## DESCRIPTION OF THE TASK
Print exactly and only the lines that run from the one containing "Enfants Riches Déprimés" through the end of the material, please, omitting pictures.
==================================================
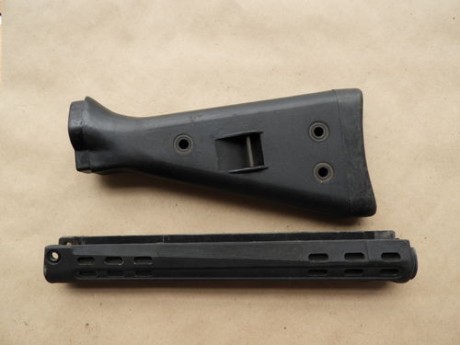 Accesorios cetme c hk g3
Hola vendo :
1 kit negro guardamanos pistolete y culata                 80 euros
1 02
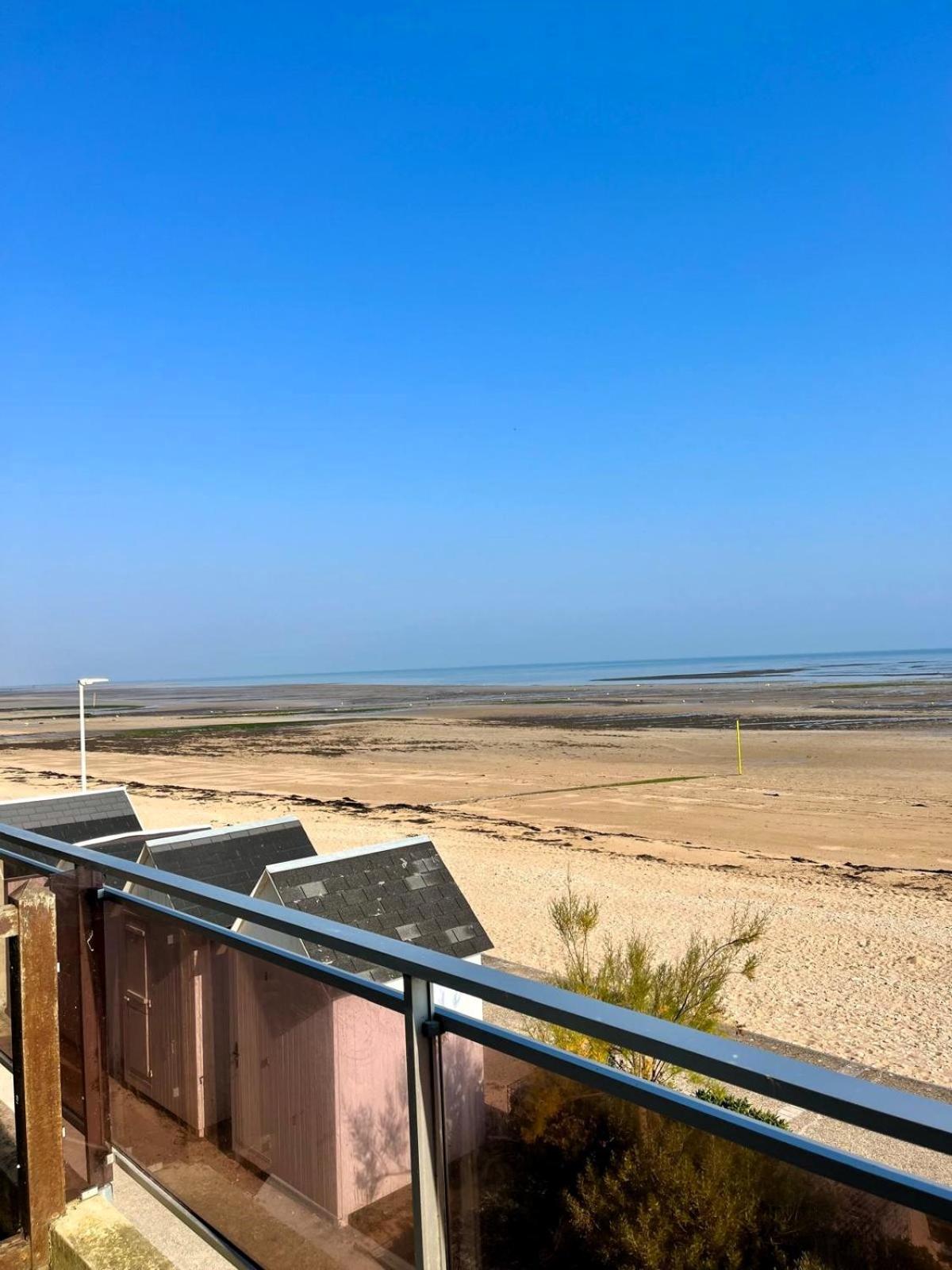 Mettons Les Voiles - Appt Vue Mer Avec Loggia Bernières-sur-Mer Eksteriør billede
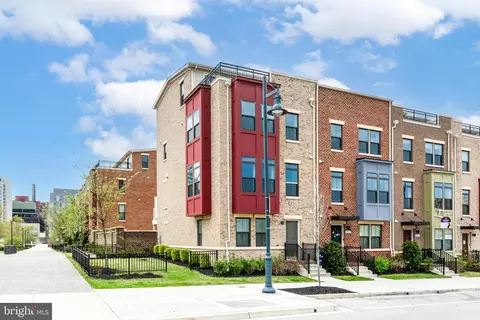 1809 E Chase St, Baltimore, MD 21213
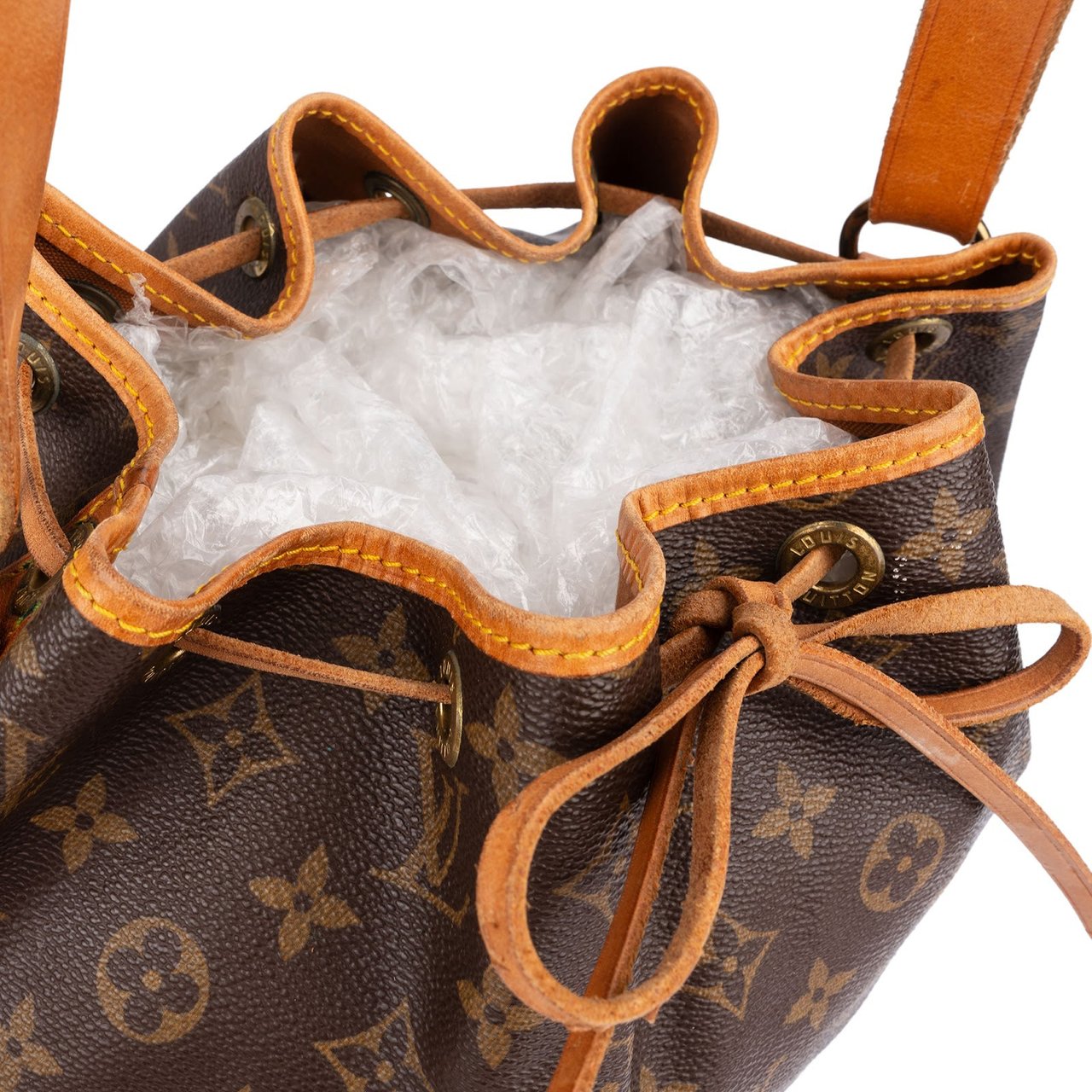 Louis Vuitton Monogram Canvas Sac Noé Petit Shoulder Bag Bruin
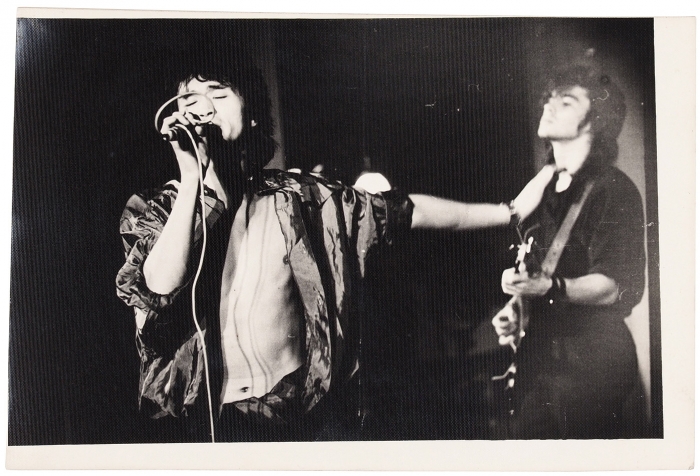 Фотография «Виктор Цой и Юрий Каспарян на концерте». СССР, 1980-е гг.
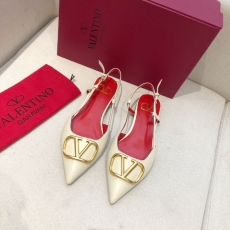 Valentino flat shoes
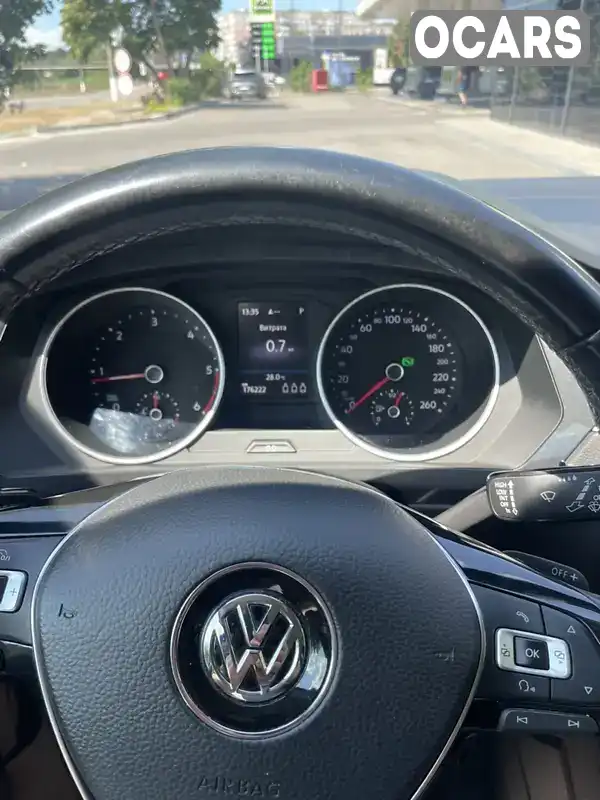 WVGZZZ5NZJW923615 Volkswagen Tiguan 2018 Внедорожник / Кроссовер 1.97 л. Фото 3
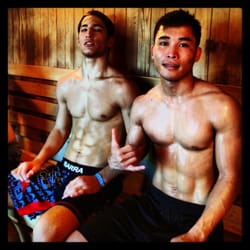 Ron Le Fitness - Cutting water weight in the sauna to qualify for a weight class (very unhealthy and definitely not recommend doing this!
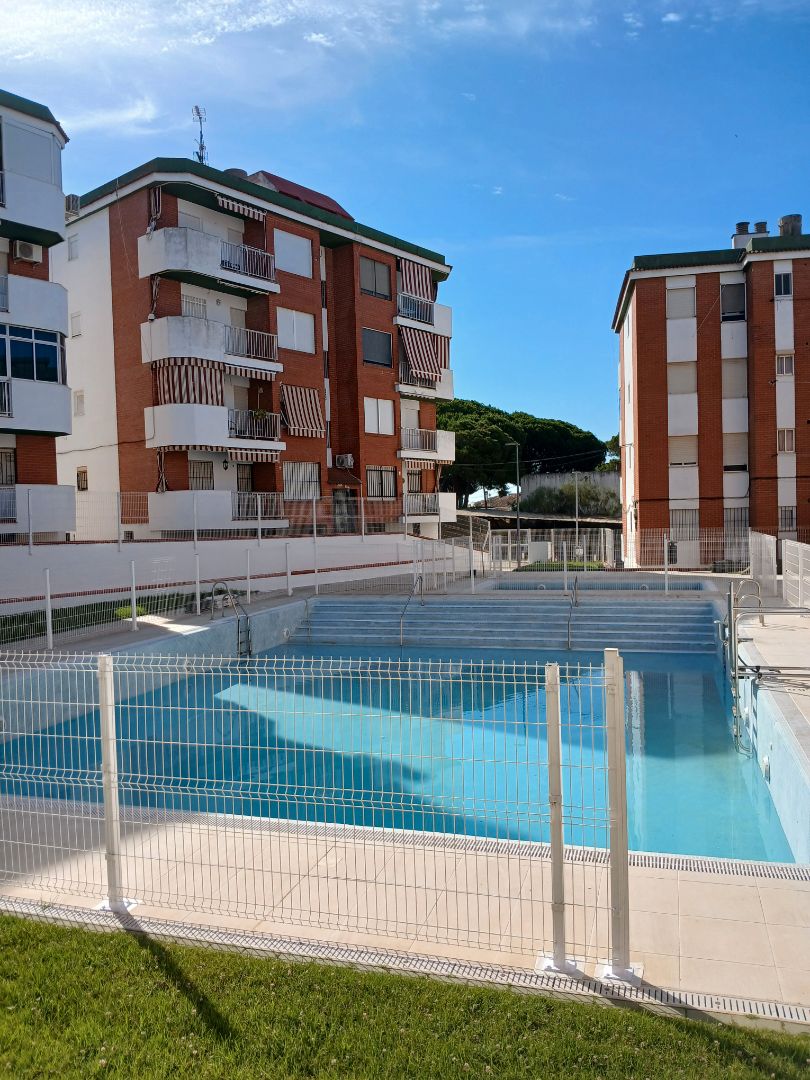 Piscina de Pis en venda en Mazagón amb Aire condicionat, Terrassa i Moblat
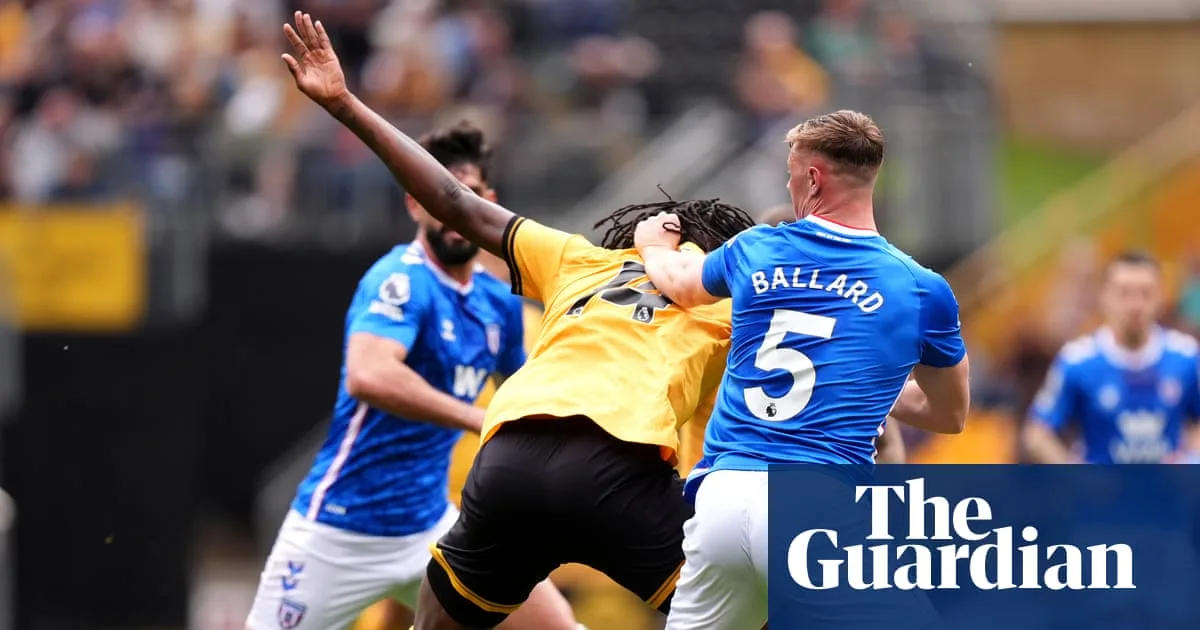 Sunderland Boss Urges Premier League To Review Hair Pull Rule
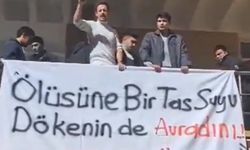 Ankara Üniversitesi’nde terörist Fetullah Gülen için anlamlı pankart! Dekanlık indirdi, öğrenciler tepki gösterdi!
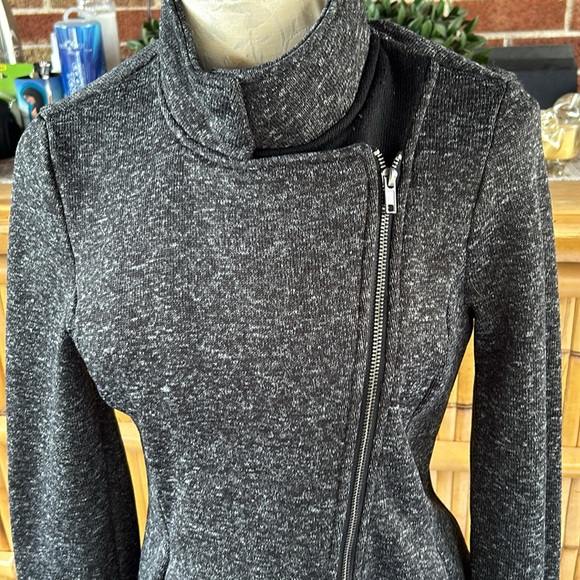 Fabletics Calypso Women's Zip Up
Fleece Jacket - Picture 2 of 10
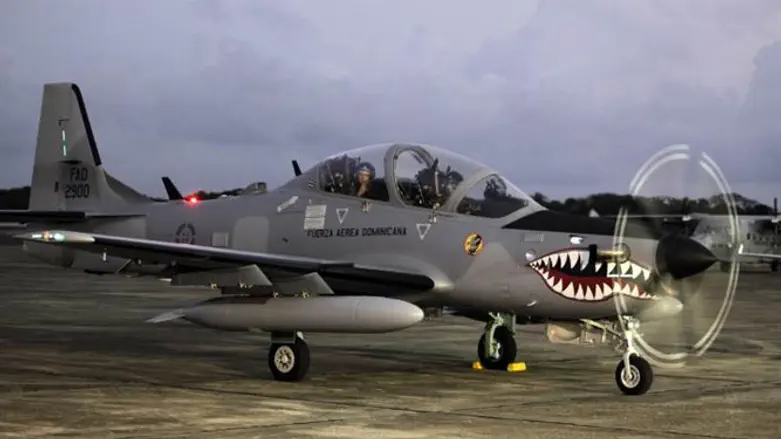 מטוס סופר טוקאנו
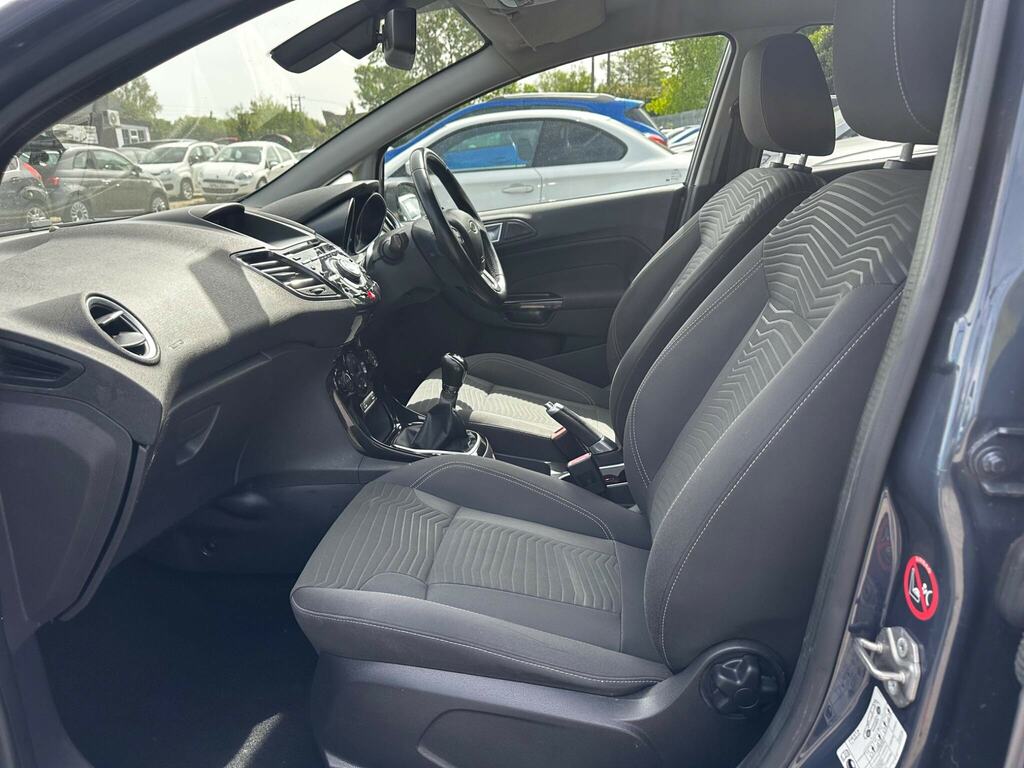 Ford Fiesta Fiesta St-line White #17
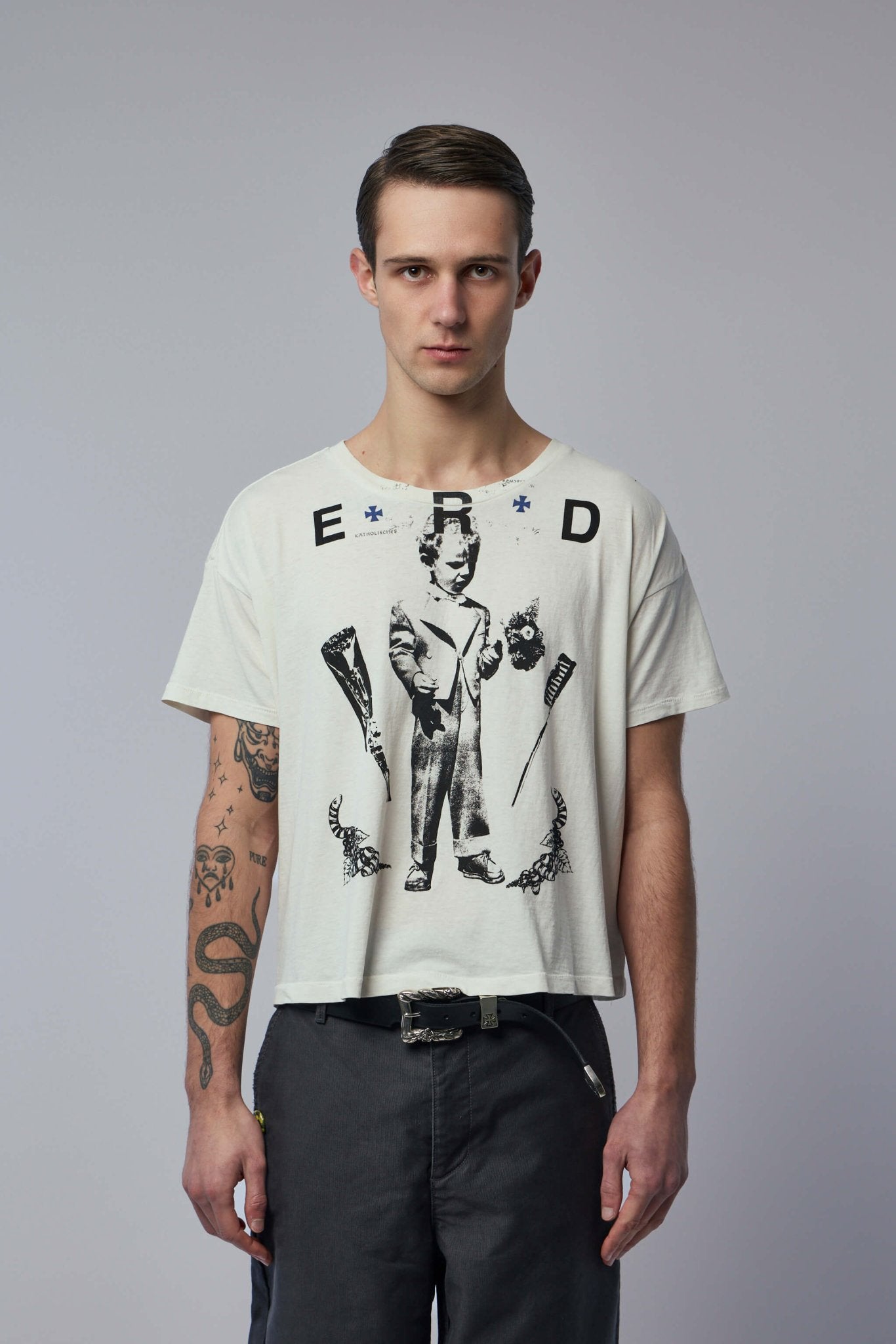 Enfants Riches Déprimés - Katholisches Toothbrush T-Shirt - LABELS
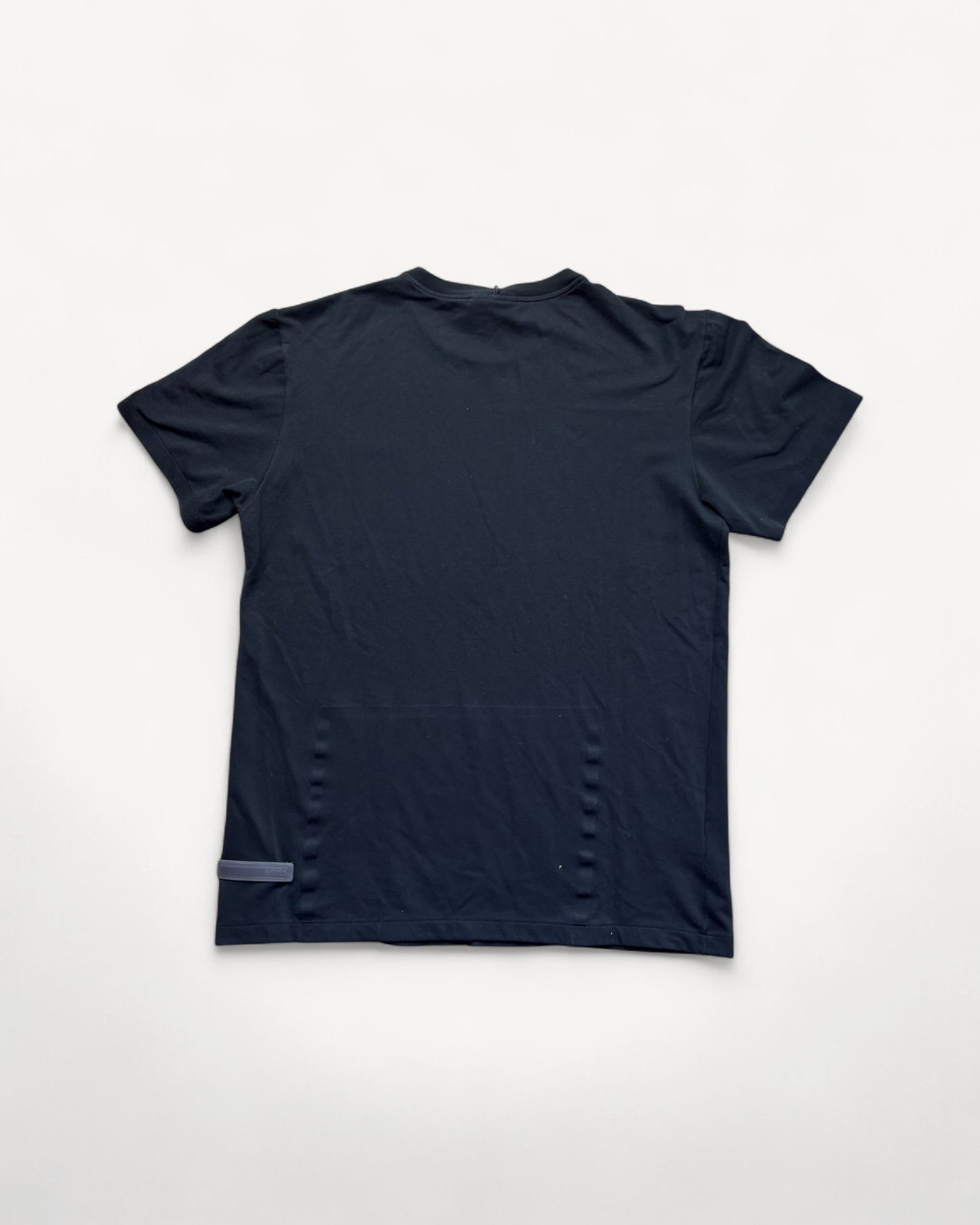 LACOSTE T-SHIRT (M)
==================================================
## COMPLETED TASK
 Enfants Riches Déprimés - Katholisches Toothbrush T-Shirt - LABELS
 LACOSTE T-SHIRT (M)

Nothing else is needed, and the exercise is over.